This database has been used in previous research to estimate neighborhood density for spoken words (e.g., Luce & Pisoni, 1998). Neighborhood density refers to the number of words that sound similar to a target word. Words with few neighbors, or few similar sounding words, are said to have a sparse neighborhood and are recognized more quickly and accurately than words with many neighbors, or words with a dense neighborhood. By using the same dictionary to estimate phonotactic probability and neighborhood density, one can rule out the possibility that the estimates of these two correlated variables (Vitevitch, Luce, Pisoni, & Auer, 1999) have been influenced by different sampling procedures used to create different dictionaries or lexicons.

Positional segment frequency was calculated by searching the computer readable transcriptions for all of the words in the dictionary (regardless of word length) that contained a given segment in a given position. The log (base 10) values of the frequencies with which those words occurred in English (based on the counts in Kuèera & Francis, 1967) were summed together and then divided by the total log (base 10) frequency of all the words in the dictionary that have a segment in that position to provide an estimate of probability. Log-values of the Kuèera and Francis word frequency counts were used because log values better reflect the distribution of frequency of occurrence and better correlate with performance than with raw frequency values (e.g., Balota, Pilotti, & Cortese, 2001; Zipf, 1935). Thus, the estimates of position-specific segment frequencies are token- rather than type-based estimates of probability.

By way of illustration, consider word-initial /s/. All the words in the dictionary that contained /s/ in the initial position were examined (e.g., space, sat, siphon, but not infest, kiss, etc.). The log-values of the Kuèera and Francis (1967) frequency counts for those words with word-initial /s/ were summed and then divided by the summed log-values of the Kuèera and Francis frequency counts for all the words in the dictionary that have a segment in that position to produce a token-based probability estimate that /s/ will occur in the initial position of a word in English. To further illustrate, consider /s/ in the second position of a word. Again, the log-values of the Kuèera and Francis frequency counts for those words with /s/ in the second position would be summed and then divided by the summed log-values of the Kuèera and Francis frequency counts for all the words in the dictionary that have a segment in the second position to produce a token-based probability estimate that /s/ will occur in the second position of a word in English. In this instance, all words that are one phoneme in length will not be included in the denominator because they do not contain a phoneme in the second position of the word. Similarly, when calculating the probability of a segment in the third position of a word, words that are only one or two phonemes long are not included in the denominator because they do not contain a phoneme in the third position of the word.

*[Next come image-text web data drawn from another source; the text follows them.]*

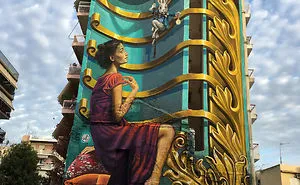 Artist Creates Large Scale Street Art Murals Across Europe, Makes Boring Buildings Interesting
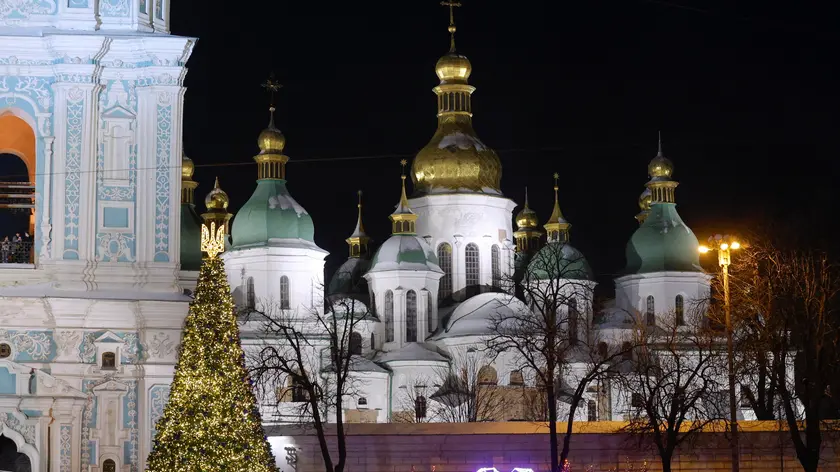 epa11014254 People look at the Christmas tree in front of Saint Sophia's Cathedral in Kyiv, Ukraine, 06 December 2023 as they celebrate St. Nicholas Day. The Saint Nicholas Day celebration, traditionally is a festival for children in most Orthodox countries in Europe related to surviving legends of Saint Nicholas, and particularly his reputation as a bringer of gifts. Since this year, Ukraine is marking Saint Nicholas Day on 06 December and Christmas on 25 December together with Europe according to the Gregorian calendar, unlike in previous years when Ukraine marked St. Nicholas on 19 December and Christmas on 07 January with other post-Soviet countries. EPA/SERGEY DOLZHENKO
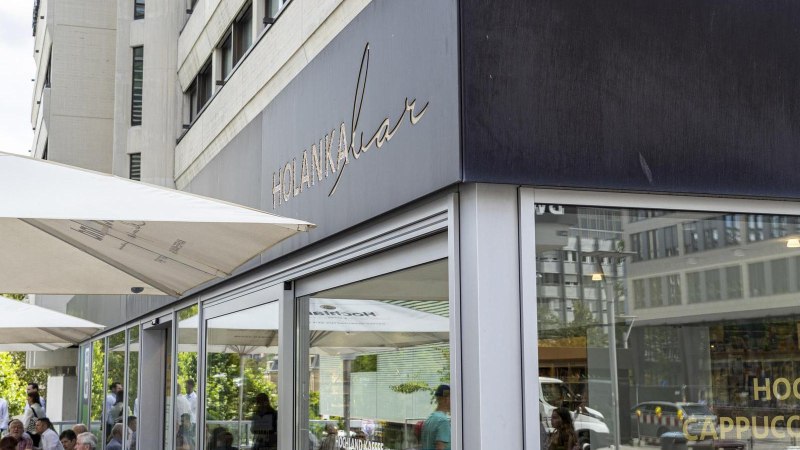 Au&szlig;enansicht der Holanka Bar mit gro&szlig;en Sonnenschirmen. Menschen sitzen und stehen im Au&szlig;enbereich. Moderne Geb&auml;ude im Hintergrund., &copy; SMG, Sarah Schmid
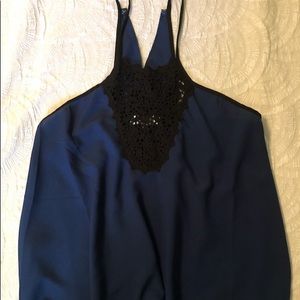 Blue tank with black lace detail.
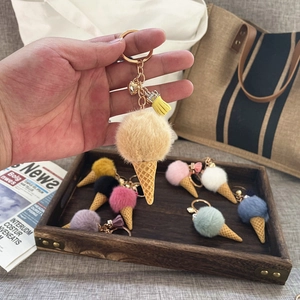 Detailed close-up of colorful plush ice cream cone keychains with golden clasps and tassels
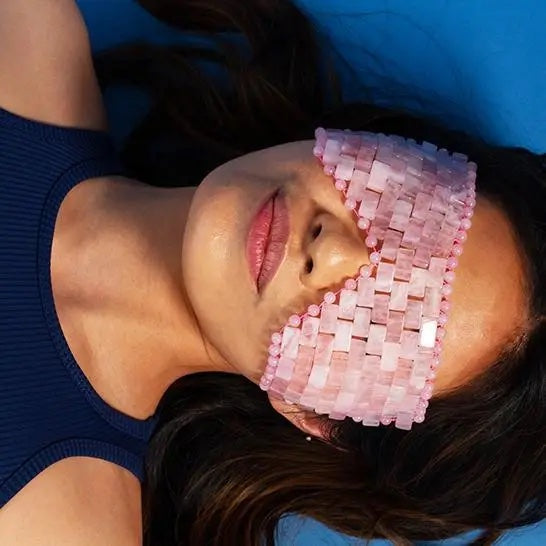 Woman with pink pixelated eyewear lying on a blue background.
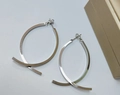 Minimalist silver interlocking hoop earrings with creative polished cross-line design - Creative Cross Lines (Steel 1)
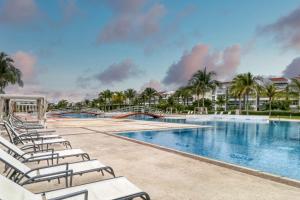 Una piscina tipo resort con tumbonas y palmeras. en Hakuna Matata 725N at Mareazul Beachfront, en Playa del Carmen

Position-specific biphone frequency was calculated in a similar way. That is, all instances in which a sequence of two phonemes occurred together in specific adjacent positions in a word were counted. The log-value of the frequency of occurrence for the words in which the (position-specific) two phoneme sequences were found were summed and then divided by the summed log-values of the Kuèera and Francis (1967) frequency counts for all words in the dictionary that contained phonemes in those two adjacent positions. This yielded a token-based estimate of position-specific biphone probability.

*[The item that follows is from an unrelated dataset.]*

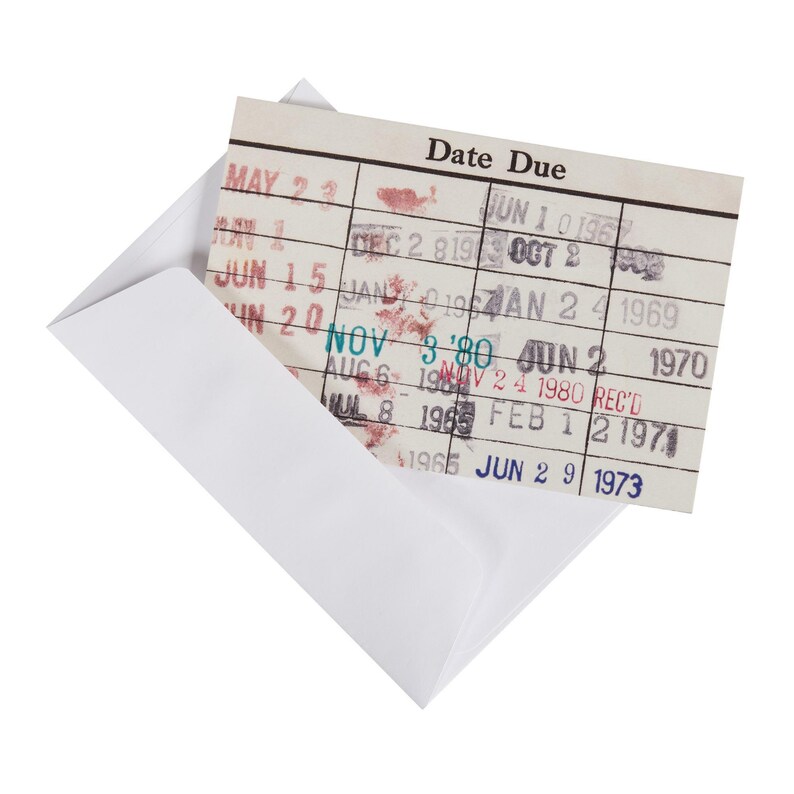 a white envelope with a date due card attached to it, which appears to be a library receipt or library card.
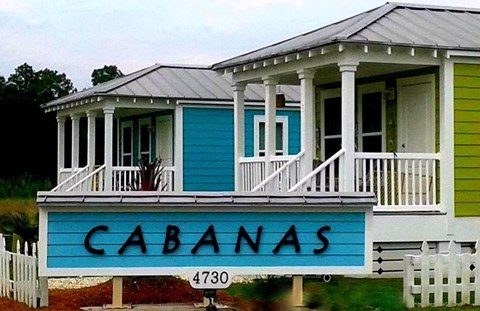 a blue sign on the front of a house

Again, by way of illustration, consider the phoneme sequence /st/ found in the third and fourth positions of a word (e.g., best, test, abstain, chest, etc.). The (log-value) frequency of occurrence of all the words that contained /st/ in the third and fourth positions were summed and then divided by the summed log-values of the Kuèera and Francis (1967) frequency counts for all words in the dictionary that contained biphones in the third and fourth positions. This produced a token-based probability estimate that /st/ would occur in the third and fourth positions of a word in English.1 Note that the biphone probability that is calculated in this program is based on the co-occurrence of segments within words and not on the transitional probabilities of sounds between words as they might occur in fluent speech (cf. Gaygen, 1997).

How to Use the Web-Based Interface

A link to the Web-based interface of the Phonotactic Probability Calculator is located at http://www.people.ku.edu/~mvitevit. Users wishing to calculate the phonotactic probabilities of real English words or specially constructed nonwords should click on the link for “Phonotactic Probability Calculator.” Note that the Phonotactic Probability Calculator is best viewed with the Internet Explorer Web browser. Analyses can be performed on words or nonwords up to 17 phonemes in length and must be phonemically transcribed into the computer-readable Klattese transcription, as described above. On the page that appears when following the link for “Phonotactic Probability Calculator” there is an electronic version of this article, an electronic version of the computer-readable transcription found in the Appendix of this article, the proper citation for using the Phonotactic Probability Calculator, and a request to send the first author a copy of any articles using or referencing the Phonotactic Probability Calculator.

After downloading and reading the instructions of how to use the Phonotactic Probability Calculator and the computer-readable transcription, click on the link to “Connect to the Phonotactic Probability Calculator.” By doing so, a screen like that depicted in Figure 1 will appear in your Web browser. The left portion of the window contains a field to enter the list of phonemically transcribed words (or nonwords) whose phonotactic probabilities you wish to calculate. The user may either type the items directly in the field (one [non]word per line, using <return> or <enter> to move to the next line), or “copy and paste” the items that have already been typed (one word per line, separated by a hard return) from a simple word processing file. Clicking on the “Calc your Entry” button will result in the phonotactic probabilities for the items you entered appearing in the field on the right side of your browser. Note that the number of items you have entered, as well as the amount of traffic on the network, will determine how quickly your calculations are completed. To ease further analyses of these items, the user should copy and paste the results displayed in the output field to a simple word processing or spreadsheet file. Recall that the entries in the left field are treated as phonemic transcriptions. Thus, the word cut should be entered in the left field in Klattese as k^t. If cut were entered in the left field, phonotactic calculations would be performed, but the output would be for /ɔut/ (“awoot”), not cut (see the computer-readable transcription in the Appendix). Note that some words in English do start with the phoneme /ɔ/, but no words in English start with the sequence /ɔu/; we will return to this example below.

Figure 1.

Figure 1

Depiction of the Phonotactic Probability Calculator Web page. The field on the left side of the page is where the computer-readable phonemic transcription is entered. The field on the right side of the page is where the output is displayed. Explanations of the output can be found in the text.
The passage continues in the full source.